To do
From the line containing "Image of Butcher's" down to the final entry below, restate each line word for word.

Material provided

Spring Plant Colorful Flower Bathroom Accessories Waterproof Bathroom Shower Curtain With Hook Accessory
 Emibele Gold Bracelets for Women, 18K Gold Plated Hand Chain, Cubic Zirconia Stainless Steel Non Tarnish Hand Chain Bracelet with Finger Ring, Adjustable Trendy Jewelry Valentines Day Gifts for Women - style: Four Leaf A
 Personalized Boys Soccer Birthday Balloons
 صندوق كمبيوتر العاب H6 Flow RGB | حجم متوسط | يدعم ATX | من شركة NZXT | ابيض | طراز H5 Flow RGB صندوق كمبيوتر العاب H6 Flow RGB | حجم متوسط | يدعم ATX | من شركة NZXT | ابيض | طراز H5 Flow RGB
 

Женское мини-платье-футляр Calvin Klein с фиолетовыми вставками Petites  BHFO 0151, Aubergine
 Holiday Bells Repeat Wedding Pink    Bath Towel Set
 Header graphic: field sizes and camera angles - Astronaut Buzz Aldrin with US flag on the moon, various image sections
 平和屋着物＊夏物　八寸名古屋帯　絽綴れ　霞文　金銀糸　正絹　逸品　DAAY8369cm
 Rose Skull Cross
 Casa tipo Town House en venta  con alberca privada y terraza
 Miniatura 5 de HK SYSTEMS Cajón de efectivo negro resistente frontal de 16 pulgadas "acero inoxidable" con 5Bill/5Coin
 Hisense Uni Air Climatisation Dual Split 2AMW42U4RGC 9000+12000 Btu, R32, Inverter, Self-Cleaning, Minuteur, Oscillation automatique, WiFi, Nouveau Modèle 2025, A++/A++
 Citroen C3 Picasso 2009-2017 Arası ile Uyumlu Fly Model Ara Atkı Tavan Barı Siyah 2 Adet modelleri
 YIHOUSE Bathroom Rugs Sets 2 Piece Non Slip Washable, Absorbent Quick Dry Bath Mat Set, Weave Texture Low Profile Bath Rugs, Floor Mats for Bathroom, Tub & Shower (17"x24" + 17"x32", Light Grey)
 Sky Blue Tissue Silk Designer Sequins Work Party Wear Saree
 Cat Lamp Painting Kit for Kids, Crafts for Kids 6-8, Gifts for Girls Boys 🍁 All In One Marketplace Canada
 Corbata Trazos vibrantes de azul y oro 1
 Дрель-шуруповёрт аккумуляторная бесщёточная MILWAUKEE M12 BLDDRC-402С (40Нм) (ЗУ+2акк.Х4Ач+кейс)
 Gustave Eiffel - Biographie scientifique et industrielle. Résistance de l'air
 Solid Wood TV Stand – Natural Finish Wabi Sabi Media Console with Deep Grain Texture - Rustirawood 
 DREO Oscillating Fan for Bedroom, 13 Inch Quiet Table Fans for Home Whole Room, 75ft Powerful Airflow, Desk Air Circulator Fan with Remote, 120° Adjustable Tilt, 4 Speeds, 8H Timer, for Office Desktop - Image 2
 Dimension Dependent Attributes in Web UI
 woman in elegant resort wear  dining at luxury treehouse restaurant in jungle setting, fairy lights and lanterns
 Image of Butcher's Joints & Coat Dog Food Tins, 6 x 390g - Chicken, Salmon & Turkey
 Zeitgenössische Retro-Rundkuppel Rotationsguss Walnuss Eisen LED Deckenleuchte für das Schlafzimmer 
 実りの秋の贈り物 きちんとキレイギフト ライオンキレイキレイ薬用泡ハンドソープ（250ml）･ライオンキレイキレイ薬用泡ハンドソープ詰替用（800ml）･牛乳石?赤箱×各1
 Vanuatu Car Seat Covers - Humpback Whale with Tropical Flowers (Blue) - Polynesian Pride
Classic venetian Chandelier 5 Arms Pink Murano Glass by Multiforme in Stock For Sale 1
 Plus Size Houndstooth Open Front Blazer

Task solution
 Image of Butcher's Joints & Coat Dog Food Tins, 6 x 390g - Chicken, Salmon & Turkey
 Zeitgenössische Retro-Rundkuppel Rotationsguss Walnuss Eisen LED Deckenleuchte für das Schlafzimmer 
 実りの秋の贈り物 きちんとキレイギフト ライオンキレイキレイ薬用泡ハンドソープ（250ml）･ライオンキレイキレイ薬用泡ハンドソープ詰替用（800ml）･牛乳石?赤箱×各1
 Vanuatu Car Seat Covers - Humpback Whale with Tropical Flowers (Blue) - Polynesian Pride
Classic venetian Chandelier 5 Arms Pink Murano Glass by Multiforme in Stock For Sale 1
 Plus Size Houndstooth Open Front Blazer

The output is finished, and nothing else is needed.